Erdoğan ve Bahçeli, Türkiye siyasetinin son 30 yılına damga vuran isimlerden en önemlileri. Bu iki isim aynı anda hem rakiplerine hem doğanın seyrine karşı güçten düşmüş durumda. Bu durum, ülkenin yaklaşık yüzde 50’sine yakın bir kesimi etkileme gücüne ulaşmış iki partinin, geleceği konusunda çok daha hararetli tartışmalara neden oluyor. Orada yaşanan her hamle ilgiyle izleniyor.

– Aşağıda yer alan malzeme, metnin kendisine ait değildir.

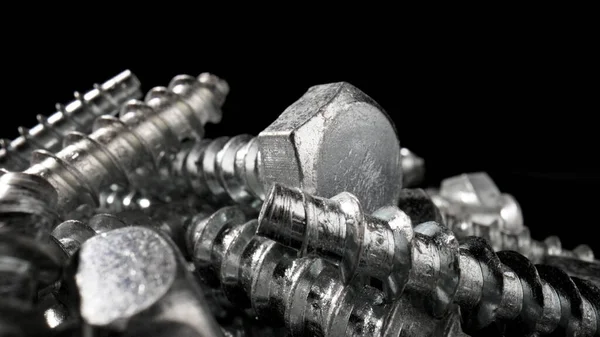 Çelik krom vida yığını. Paslanmaz çelik cıvatalar, masada demir cıvatalar. Metalik sarmal oymacılık. Makro, kapat..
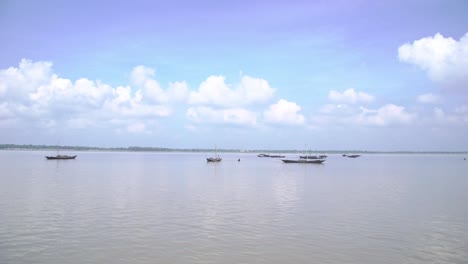 the boat is floating on the vast river in bengal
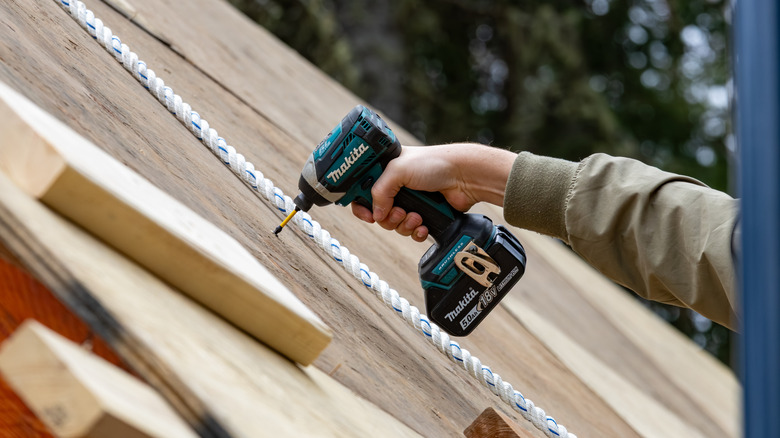A person using a Makita drill to drive fasteners into wood
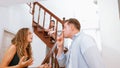 Unhappy young girl watch her parent arguing from the stair. Synchronos Royalty Free Stock Photo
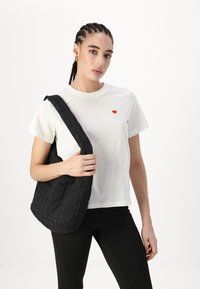 Zwarte gewatteerde schoudertas met een brede strap, gedragen over een wit t-shirt met een klein rood hart. Model draagt zwarte leggings.
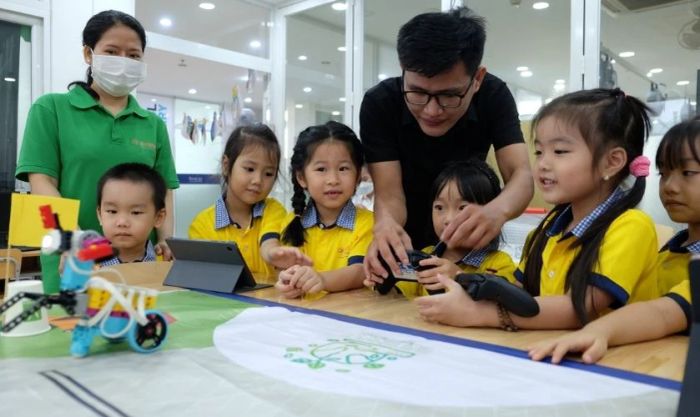 Hình ảnh thầy giáo hướng dẫn các bé lắp ráp mô hình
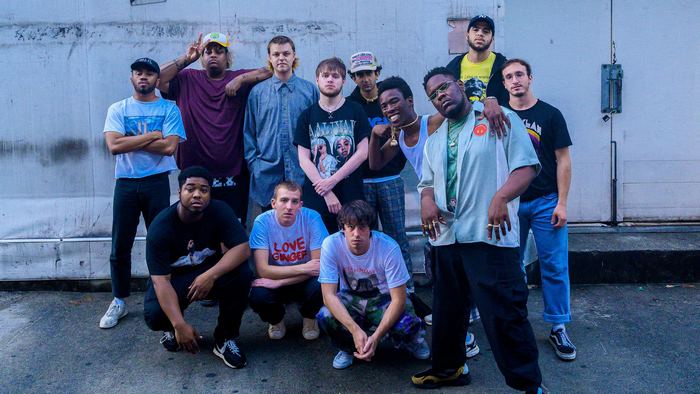 Brockhampton group posing in front of a wall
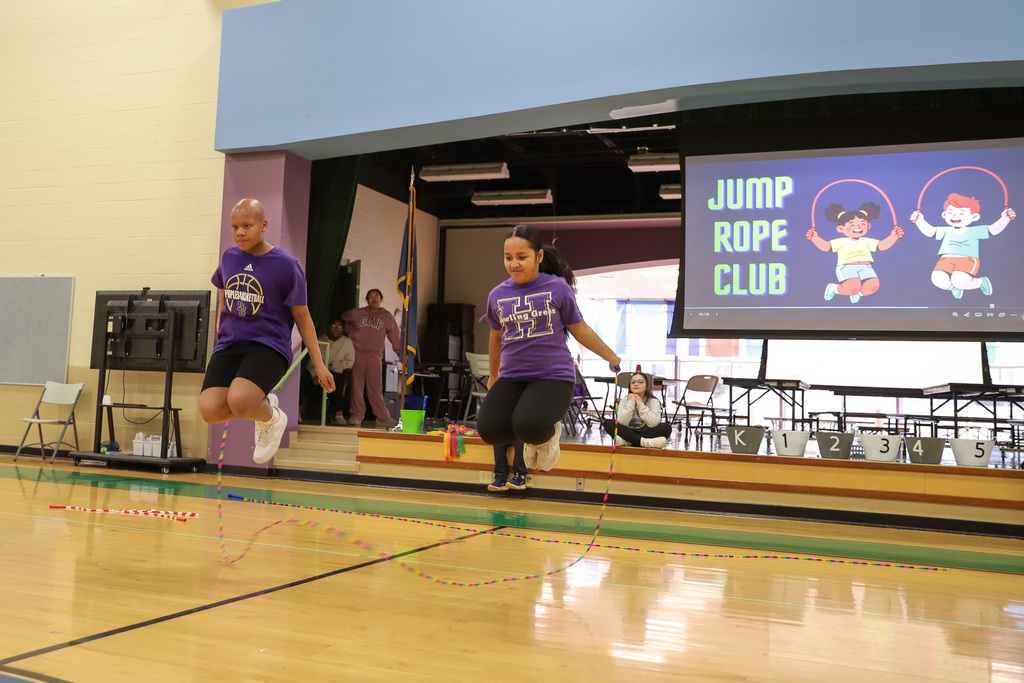 T. C. Cherry Jump Rope Club: Two students jumping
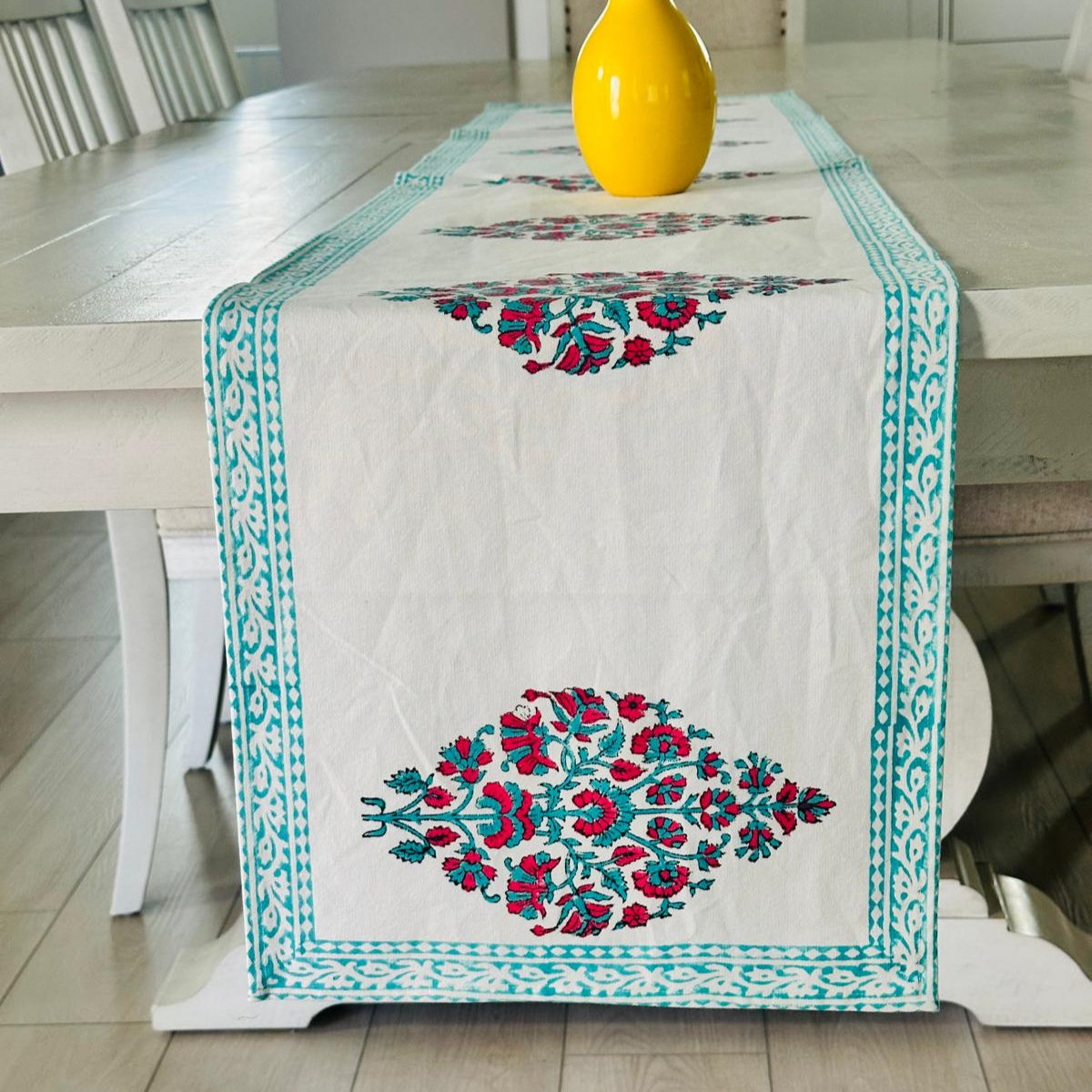 Decorative table runner with floral patterns on a wooden table.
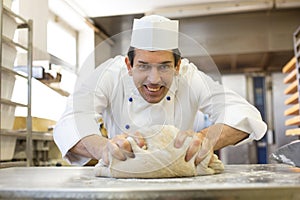 Baker kneading dough in bakery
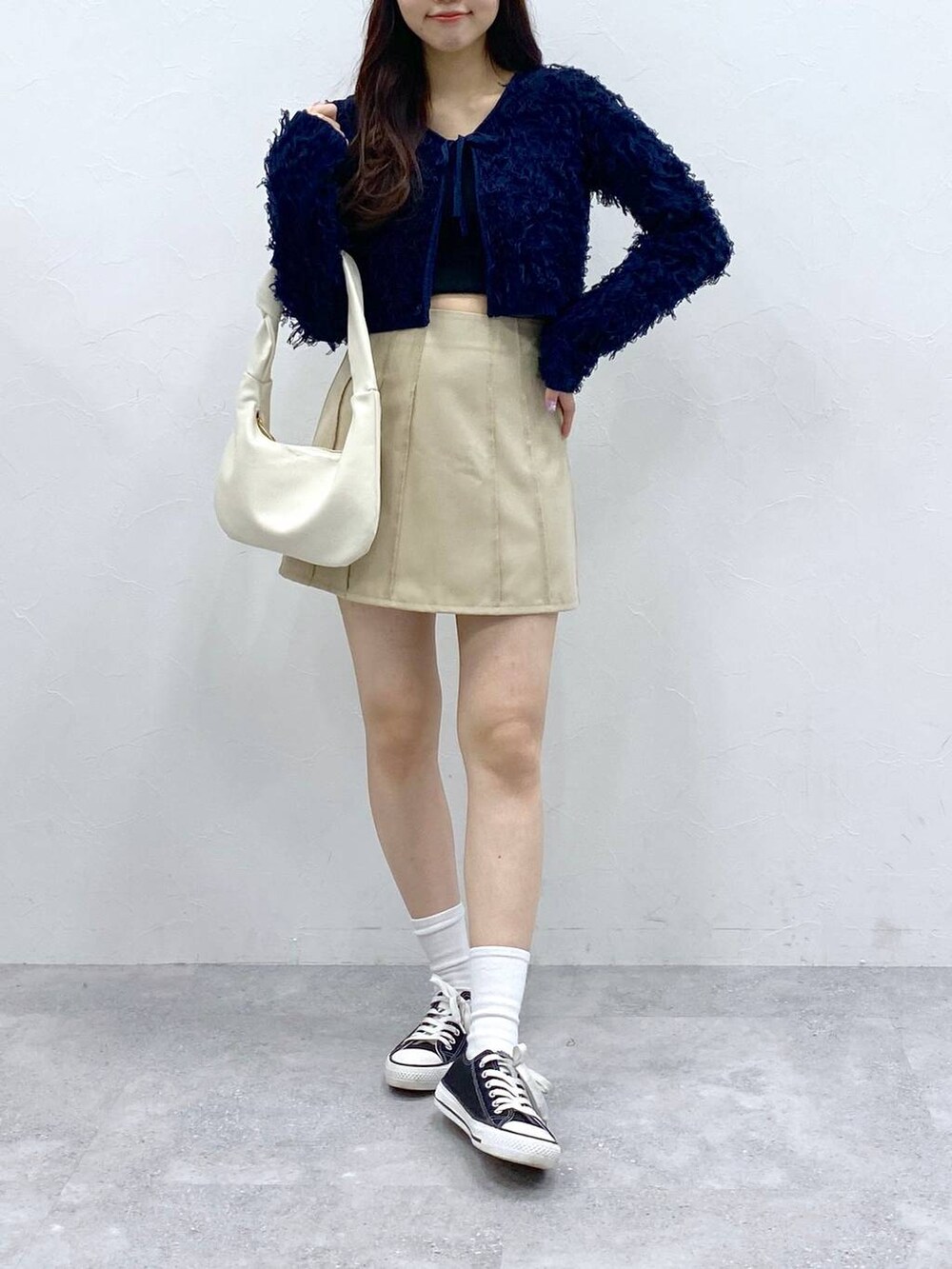 ベージュ系のスカート、ブルー系のカーディガン/ボレロを着用したレディースの春コーディネートの2枚目の写真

Rejim, içine sürüklendiği “Erdoğan’dan sonra ne olacak” krizini 14-28 Mayıs 2023 seçimlerinde bir an olsun ötelemeyi başardı. Ama soru o kadar can yakıcı ki ötelemenin süresi de kısa oldu. Seçimden sadece 2 ay sonra rejim birçok önemli başlıkta derin sarsıntı yaşadı ve yaşamaya devam ediyor. Erdoğan ve Bahçeli olmadığında ne olacak sorusuna yanıt bulunmadığı ölçüde de bu krizler devam edip gidecek.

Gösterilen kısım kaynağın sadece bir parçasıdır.